# TASK INSTRUCTIONS:
The answer must consist solely of the lines from the opening line of the entries through the line with "Оранжевый резинка", transcribed exactly and without any pictures.

[Start of section]

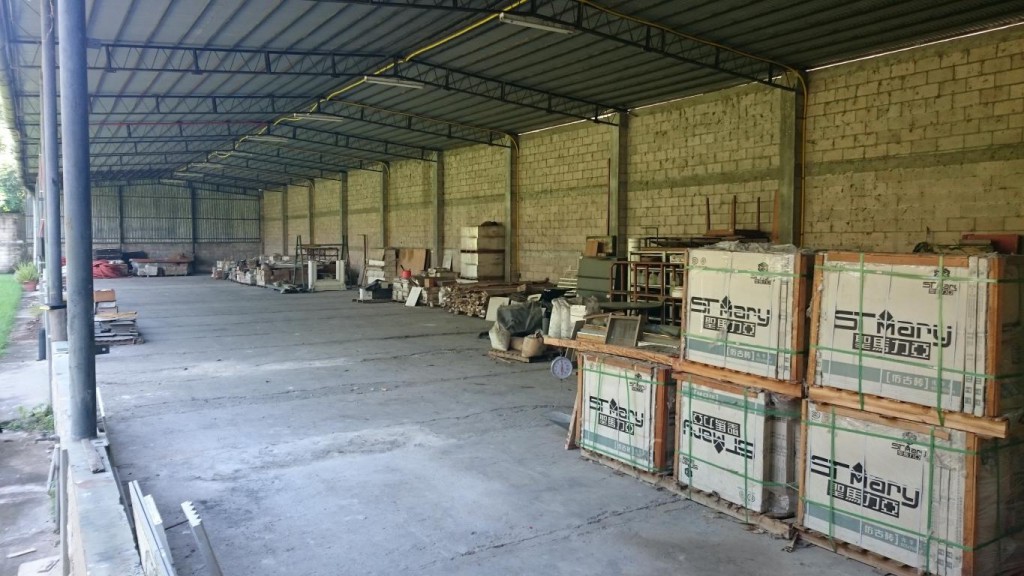 BODEGA CON GALERAS LOURDES COLON BODEGA CON GALERAS LOURDES COLON
Area de 8,800 varas, amurallada, cerca de ciudad mujer, con casa , bodegas pequeñas y galeras de diferentes tamaños.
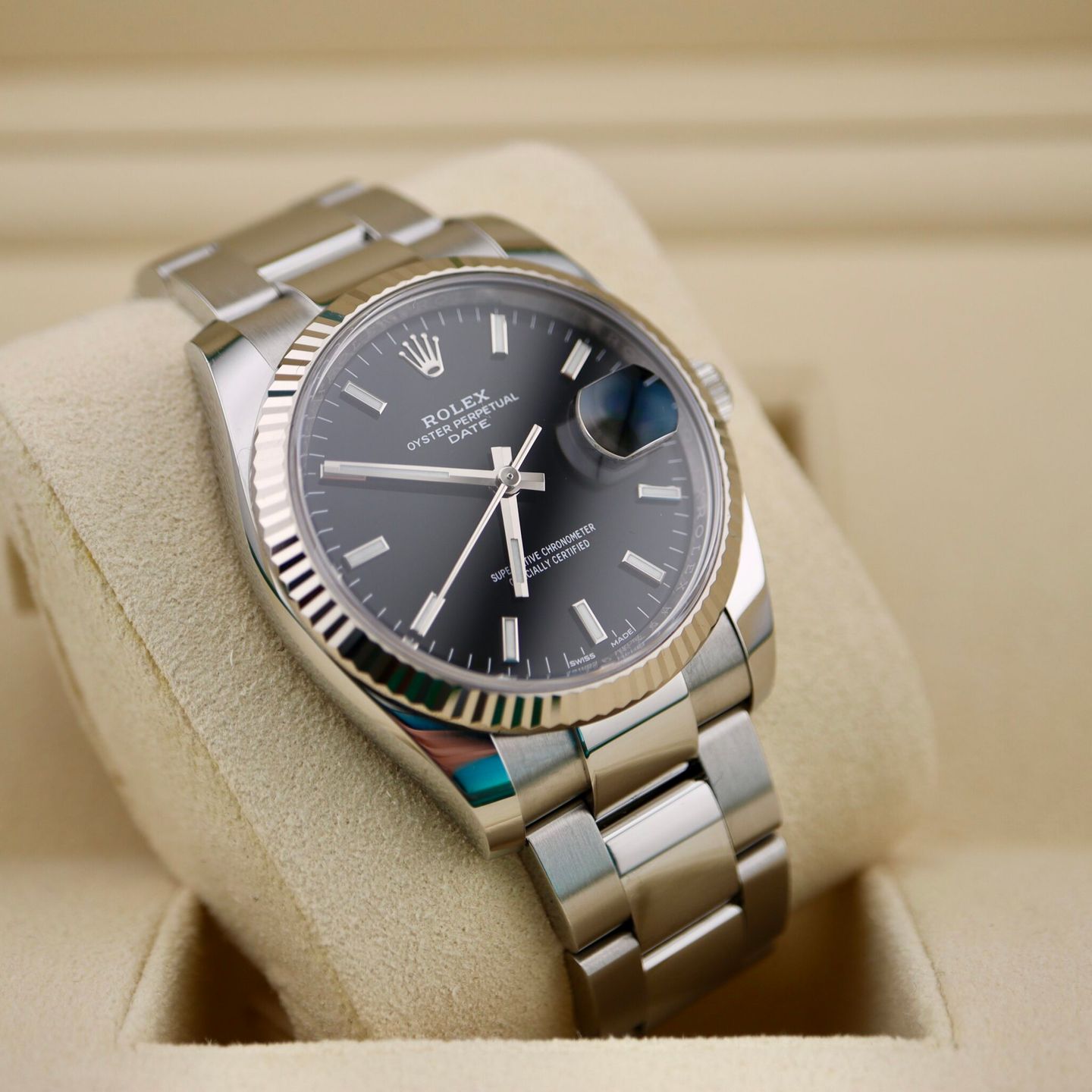 Rolex Oyster Perpetual Date 115234 (2021) - Black dial 34 mm Steel case (2/6)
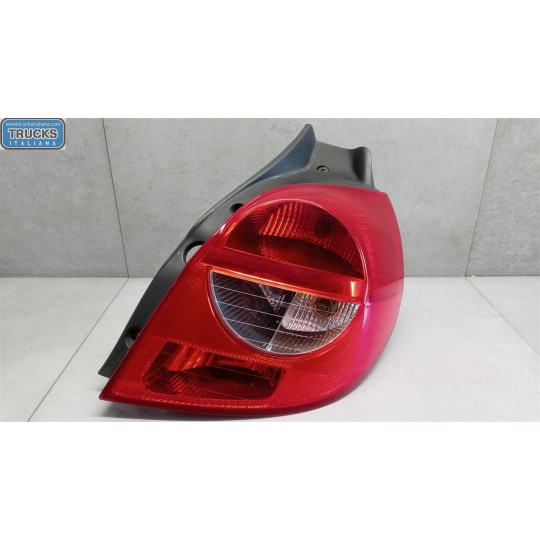 FARO POSTERIORE ESTERNO DESTRO RENAULT Clio 2005>2009 usato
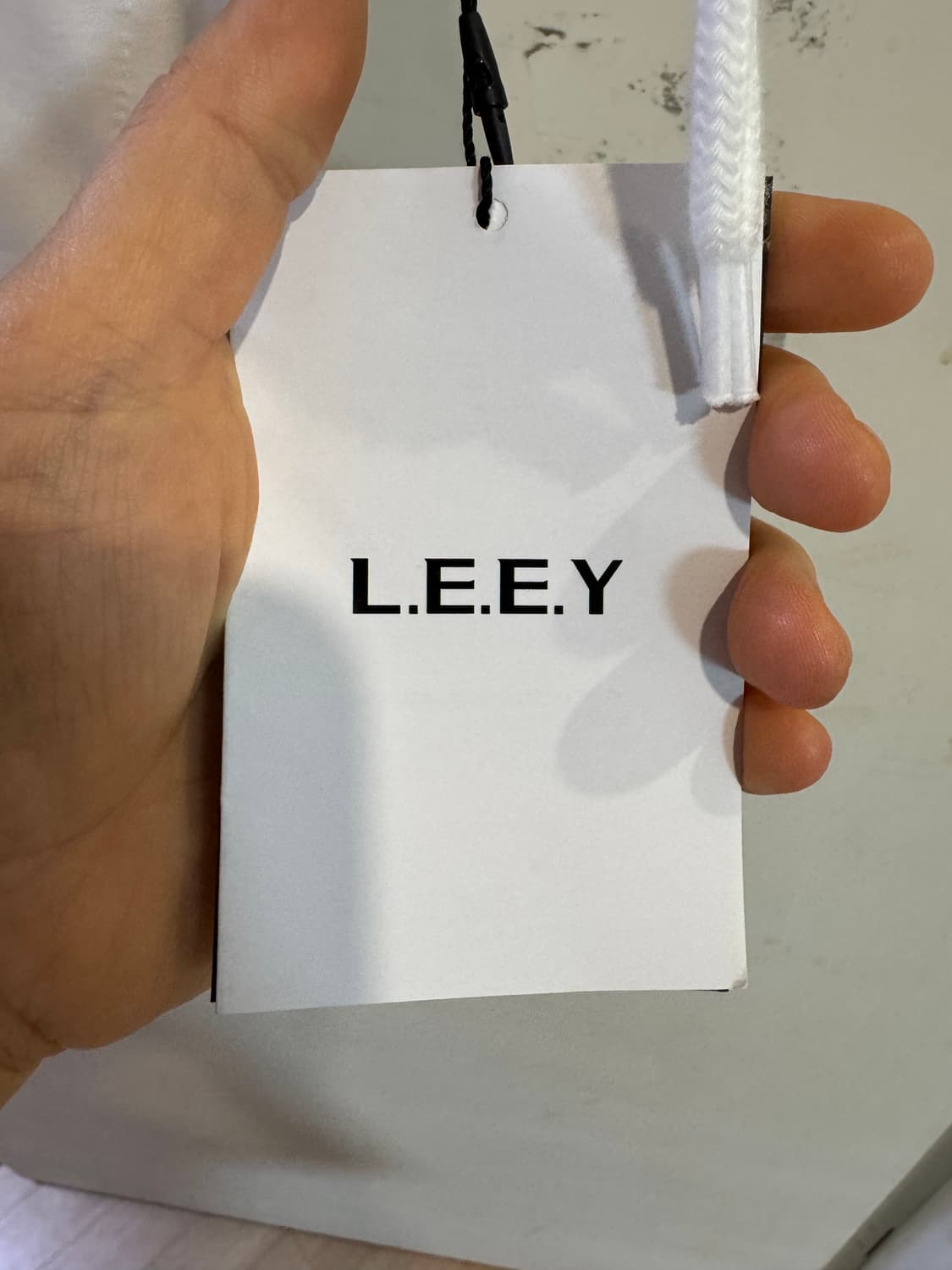새상품 LEEY 엘이이와이 사이드 컷 아웃탑 상품이미지8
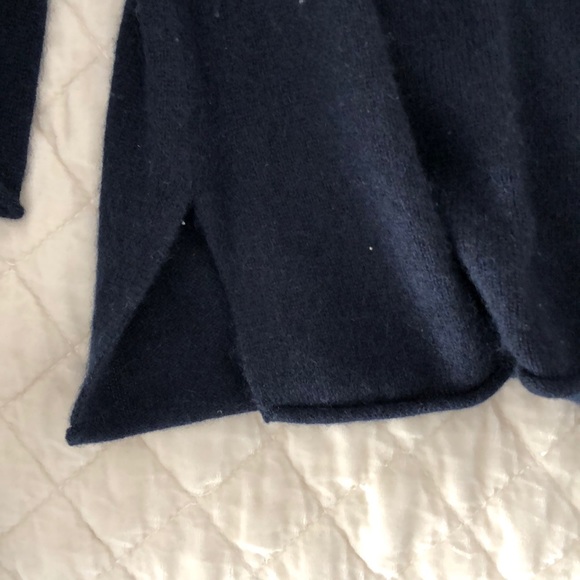 Subtle Luxury V-neck Cashmere sweater. Sz Medium - Picture 7 of 7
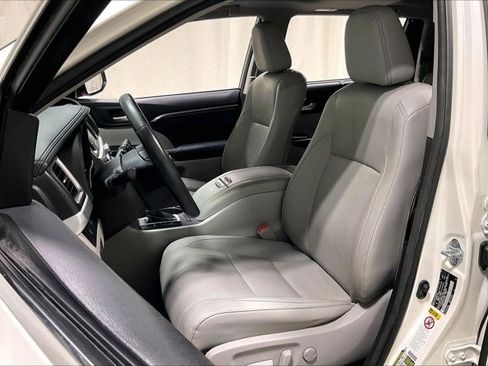 Used 2015 Toyota Highlander Limited image 25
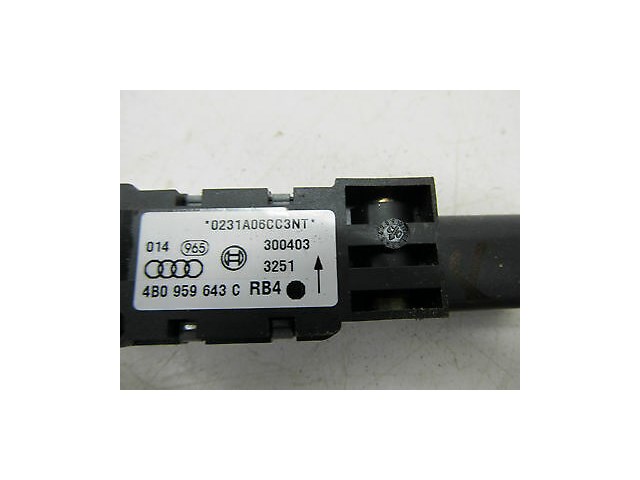 2004-2006 AUDI A8 L QUATTRO D3 OEM LEFT REAR AIRBAG IMPACT CRASH SENSOR 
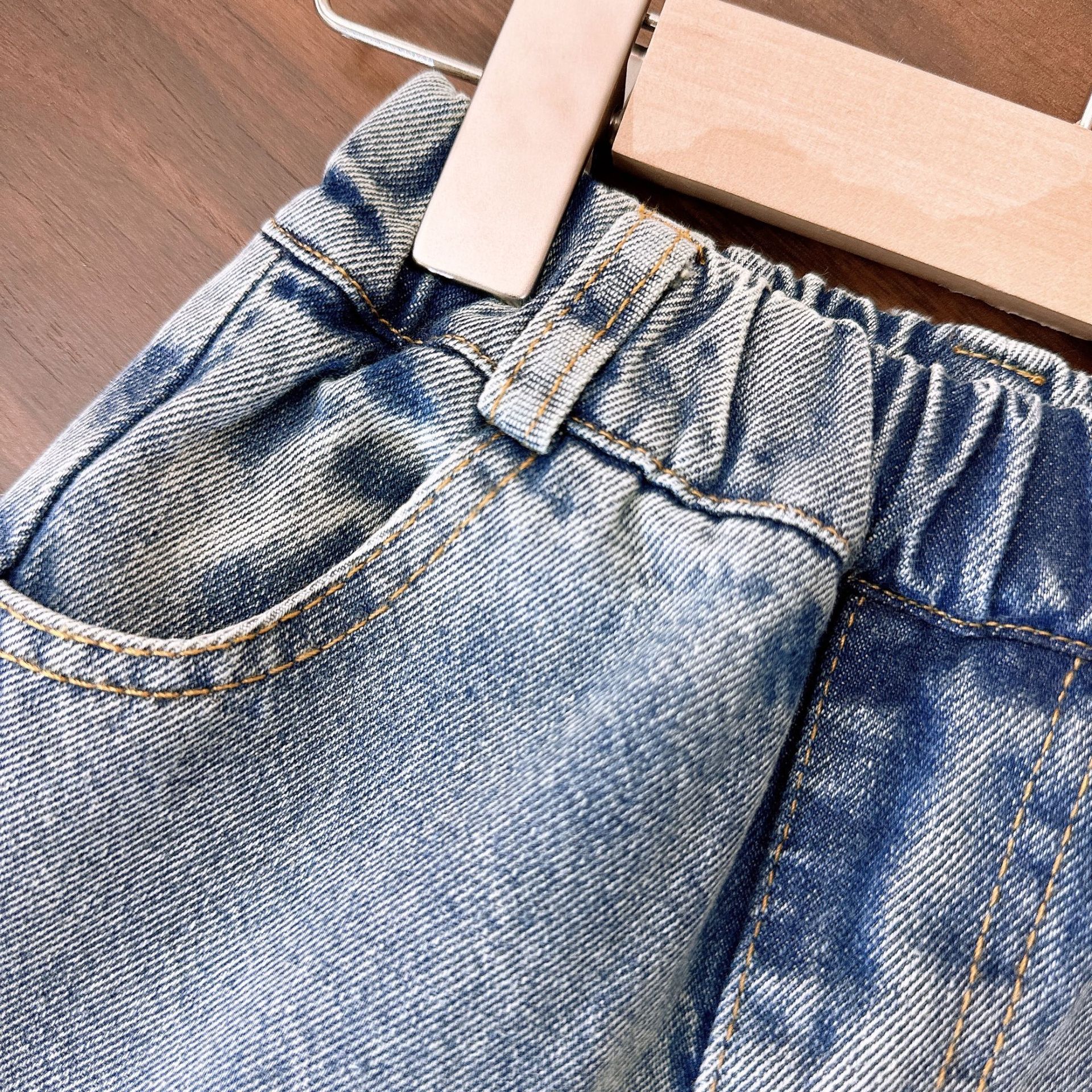 Mutter & Kinder 2024 Frühjahr und Herbst neues süßes Puffärmel-Top für Mädchen plus gerade Jeans zweiteiliges Set_voghion.com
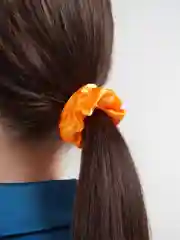 Оранжевый резинка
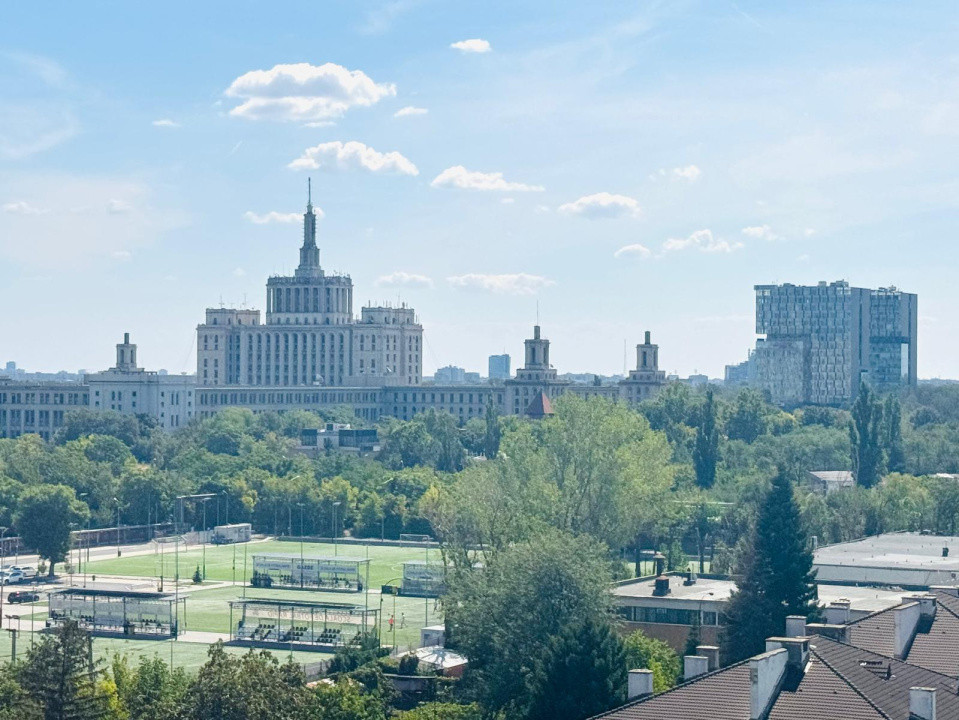 Apartament modern cu 4 camere, decomandat, în zona Pajura / Piața Presei Libere 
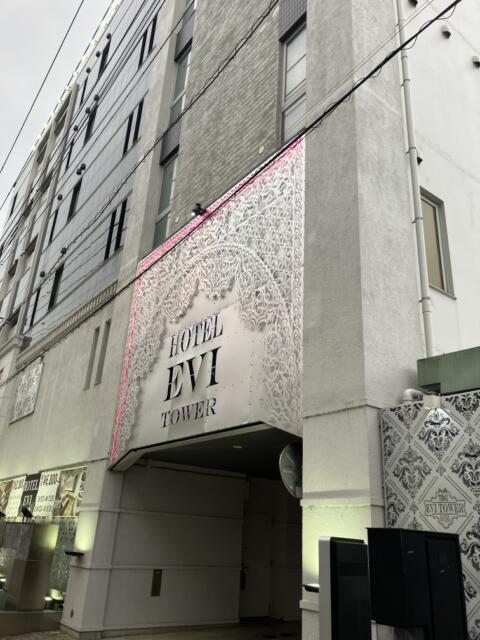 HOTEL EVI TOWER(戸田市/ラブホテル)の写真『外観　入口』by festa9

[End of section]

# WRITTEN ANSWER:
 BODEGA CON GALERAS LOURDES COLON BODEGA CON GALERAS LOURDES COLON
Area de 8,800 varas, amurallada, cerca de ciudad mujer, con casa , bodegas pequeñas y galeras de diferentes tamaños.
 Rolex Oyster Perpetual Date 115234 (2021) - Black dial 34 mm Steel case (2/6)
 FARO POSTERIORE ESTERNO DESTRO RENAULT Clio 2005>2009 usato
새상품 LEEY 엘이이와이 사이드 컷 아웃탑 상품이미지8
 Subtle Luxury V-neck Cashmere sweater. Sz Medium - Picture 7 of 7
 Used 2015 Toyota Highlander Limited image 25
 2004-2006 AUDI A8 L QUATTRO D3 OEM LEFT REAR AIRBAG IMPACT CRASH SENSOR 
 Mutter & Kinder 2024 Frühjahr und Herbst neues süßes Puffärmel-Top für Mädchen plus gerade Jeans zweiteiliges Set_voghion.com
 Оранжевый резинка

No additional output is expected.